It means a Labour secretary of state for trade and industry could be faced with a series of high-profile merger decisions straight after the election, giving a first test of the party's consumer-led competition policy.
Labour could also decide the outcome of the controversial tie-up between British Airways and American airlines. The Office of Fair Trading has suggested provisional conditions under which the deal can avoid an MMC investigation, but rival carriers including Virgin have criticised these as being far too lenient.
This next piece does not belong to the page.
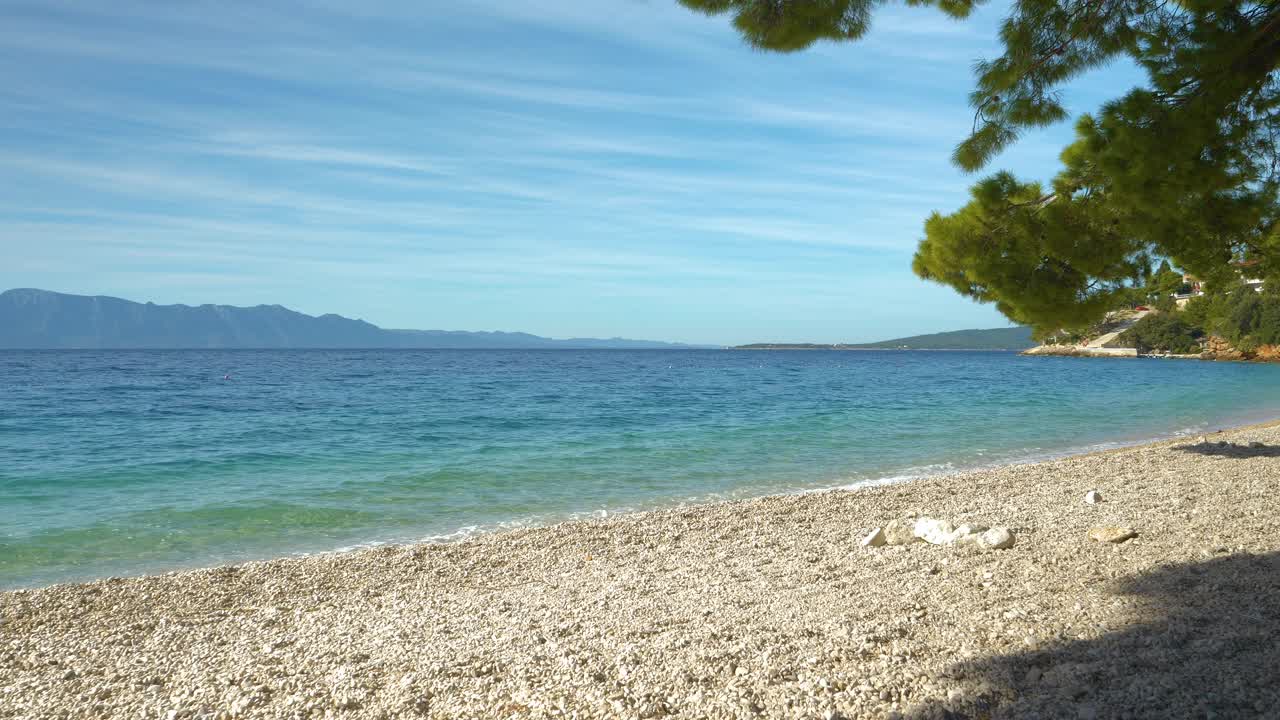 美丽而空旷的卵石海滩，在一个阳光明媚的夏日，波浪形的亚得里亚海视频素材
One competition lawyer, Fiona Schaeffer from solicitors SJ Berwin, said: "The main issue here is one of delay, with the uncertainty of what a new Labour government will do. It may be those decisions will be quite different under Labour from the Conservatives. The BA-American decision is now clearly taking place in an overtly political context."
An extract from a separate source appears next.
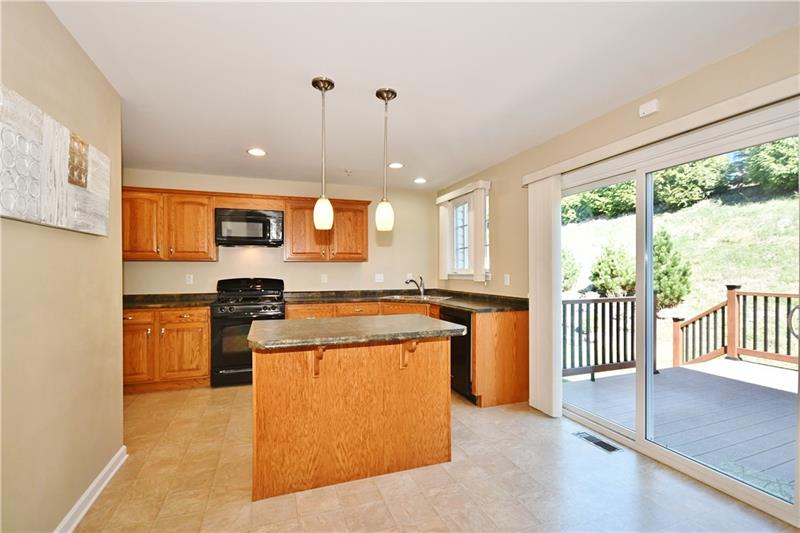 335 Maple Ridge Drive Canonsburg, PA 15317 - Photo 9 of 25 The kitchen island near the sliding glass doors is the perfect place to sit for a snack, meal or to catch up on a little work.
The MMC report on the Bass/Carlsberg-Tetley deal yesterday arrived on the desk of Ian Lang, President of the Board of Trade. There has been intense speculation that Bass may walk away from the agreement to buy Allied's stake in Carlsberg-Tetley if the MMC's conditions are too onerous. The report is thought to have recommended the sale by Bass of up to 2,000 pubs.
Labour would have to decide whether the link-up, creating Britain's biggest brewer with 35 per cent of the market, is against the consumer's interests. Mr Lang's predecessor, Michael Hesseltine, allowed Scottish & Newcastle to buy Courage, giving the merged group more than 30 per cent of the market.
Two further MMC reports have yet to be passed on to Mr Lang. These are the proposed merger of some P&O ferry services with Stena's and the pounds 250m link-up between two foreign-owned chocolate coating makers, Klaus Jacobs and Societe Centrale.